The Cold War ended in 1989. The Cold War order, built on global military bases, the CIA, regional alliances, the IMF and World Bank, nuclear threats and fear, lives on. This order lives on because it remains the basis of the superpower status of the U.S. Useful only for those narrow and powerful interests that serve and compose the empire, these institutions and policies  serve no useful purposes for Americans who form the broad public. Economic stagnation is their consequence as resources are drained into costly wars.

The old Cold War order has matured into an American-led Western Alliance of which NATO and the EU are components. When NATO was not scrapped but instead transformed into a European adjunct of the U.S. empire (1989 to 1995) that was willing to expand its membership and make war in Yugoslavia, it became an American-European joint venture. When it sent forces to Afghanistan and invaded Libya, it showed its teeth, its reach and its ambitions.

The U.S. needs to end the War on Terror, which is an excuse for funding military contractors, special forces, bloated military forces, drone wars, revolutions, spy agencies, and militarization of domestic police.

The U.S. needs to scrap its grandiose ideas of building democratic states in the Middle East, Africa, Central Asia and elsewhere in the name of anti-terror, stability, building up international institutions or any other grand sounding goals. These are excuses for extending the empire that was built during the Cold War.

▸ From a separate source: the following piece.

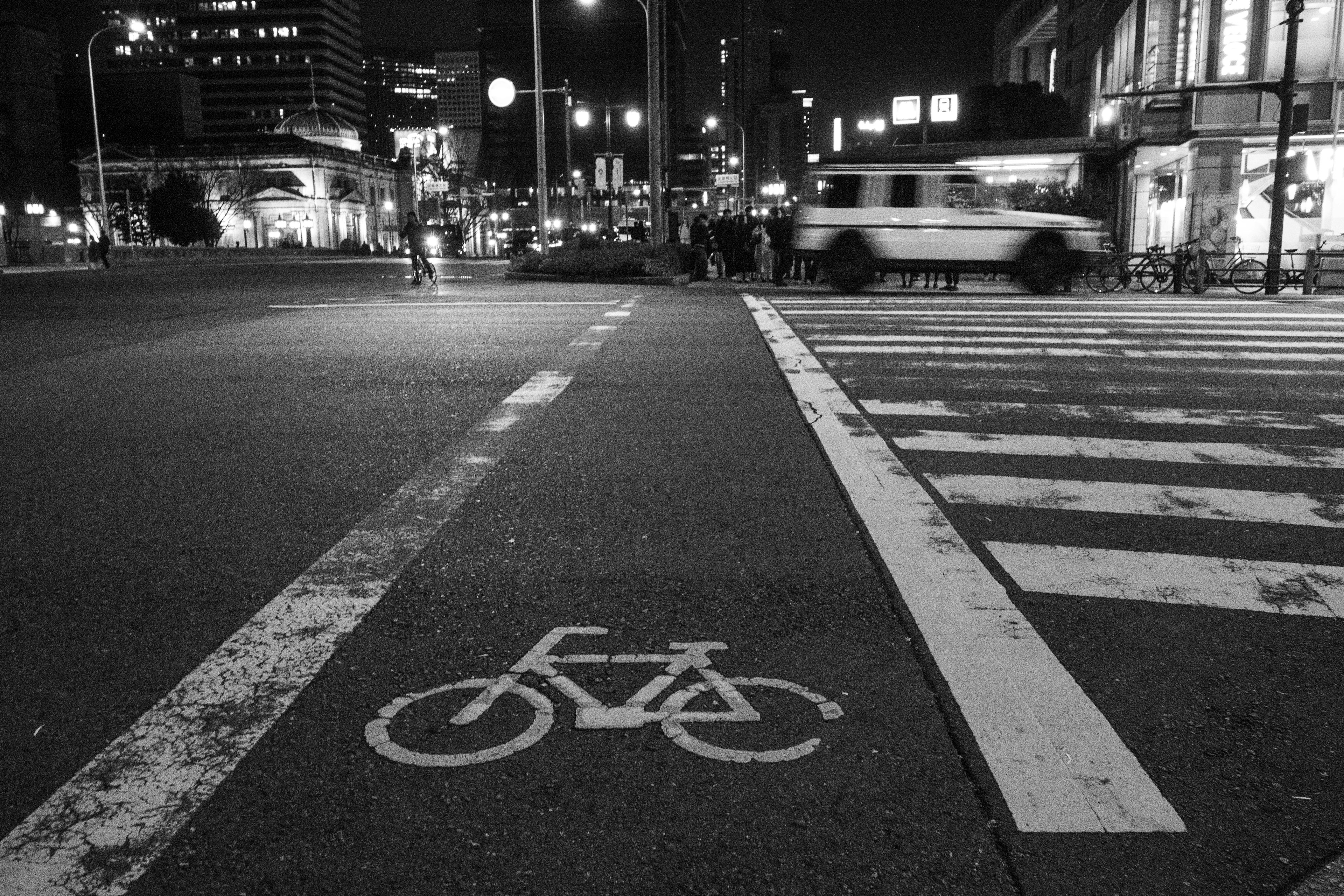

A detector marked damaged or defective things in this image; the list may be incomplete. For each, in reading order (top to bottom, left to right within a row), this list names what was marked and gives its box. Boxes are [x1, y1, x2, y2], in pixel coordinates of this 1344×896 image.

cracked road paint [0, 310, 634, 896]
cracked road paint [736, 293, 1188, 833]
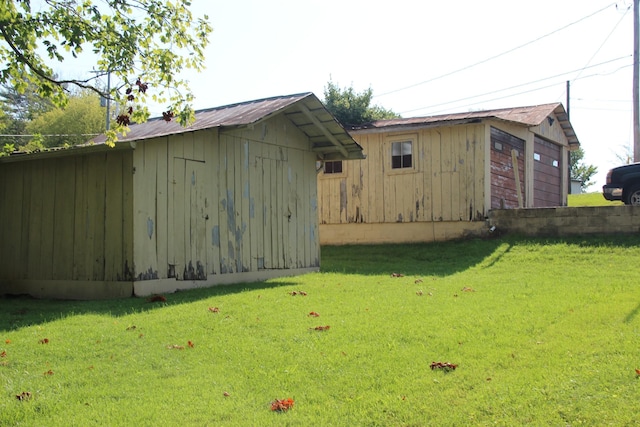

There is no necessity and no need to strangle Iran for the sake of protecting Americans or Israel. Neither is there any necessity or need to to strangle Iran for the sake of global American hegemony, which is not a policy of peace but a policy of expansionism backed by force.

Those voices in Congress and the Executive who want to dictate to Iran, not negotiate with Iran, stand for policies that drain American resources and sap the country, not strengthen it. Their policies of expansion expose Americans to huge risks of being drawn into serious wars all over the planet. Old Cold War alliances and commitments with Japan, South Korea and others have not been cancelled or revised. Why not? It’s because these representatives and officials are busy attempting to change the past era of superpower confrontation into a new era of sole superpower dominance.

Their vision is one of controlling the world’s destiny according to their own crude notions of how societies and states should be structured into a world order. They are taking the old industrial and war-making ideas of authority, hierarchy, bureaucracy, financial and military control to a new level in which the U.S. employs these methods to create the U.S. world order. Sanctions on Iran are part of their toolkit, and if that fails to achieve their aims, then brute force explicitly remains their option. They are acknowledged advocates of war if other methods fail.

If it’s prosperity that Americans want, then peace, not war, should be U.S. policy. If Americans want to end the National Security state, they need their government to end the Cold War’s institutions and renounce the empire constructed during that episode in history.